I finished the book last week after not being able to put it down. It is a hard book to review, because there is so much to say about it, but I don’t want to risk ruining the read for anyone.

To start off the basic outline of the book is: Nick is married to Amy. They moved back to Missouri from New York after the both of them lost their jobs, and the two of them are trying to make ends meet. It is their fifth wedding anniversary, and everything is all fine and dandy until Amy disappears from their house. The police come and investigate and the story goes on from there.

Gone Girl is one of those books that stays with you. I keep finding myself having conversations about the book. Gillian Flynn just amazed me. I am not particularly drawn to her writing style, but the story and characters were so complex that I was drawn in immediately. Most mystery novels or TV shows follow the detectives as they uncover clues and solve the case. Gone Girl, however, focuses in on Nick and Amy and their relationship. The detectives end up being minor characters, in a way. Because of this set up the book really turns into a double character study of both Nick and Amy, which I loved.

I was also amazed at the detail with which Gillian Flynn approached the plot of her book. It was hugely impressive. She leads her reader down the exact path that they want them to go. At the beginning of the book I was sure I had figured it out – I knew what happened and how it happened and it was dark and a little twisted (which the book is). It all fit – or so I thought. And then the rug was pulled out from under me and I found myself racing to catch up. Flynn’s details and characters are detailed and thought out to a tee. She has covered all her bases with this one.  As I was reading I kept on thinking “Wow these characters are really impressive”, which easily translates into “Wow this author is really impressive.”

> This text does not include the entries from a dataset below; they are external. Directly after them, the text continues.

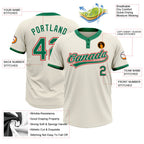 Custom Cream Kelly Green-Red Two-Button Unisex Softball Jersey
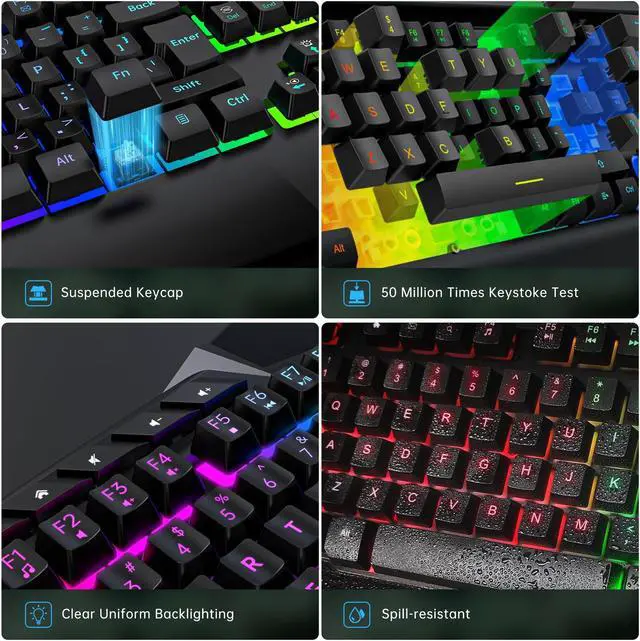 Alt view image 3 of 7 - Wired Gaming Keyboard and Mouse Combo, LED RGB Backlit 114 Keys Mechanical Feel Anti-ghosting Game Keyboard with 12 Multimedia Keys & 7 Colors Backlit Gaming Mouse for Windows PC Laptop Gamer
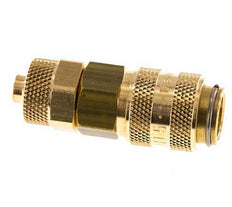 Messing DN 5 Luftkupplungsmuffe 6x8 mm Überwurfmutter Doppelabsperrung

Flynn does not shy away from too many topics in her writing and she is not afraid to create flawed characters. Her characters aren’t very likable, but they spill themselves onto the page in such a way that the reader can’t help but keep reading. It was an interesting phenomenon for me. As I have said before, I enjoy getting into character motivation and the psychology behind it, which is what this book thrives off of! I am trying to touch on everything without giving anything away, which is a challenge, and does not fully give the book justice. I could go on and on about this one. I felt out of the loop before reading it, and now that I have I’m glad that I did. It is definitely a memorable read.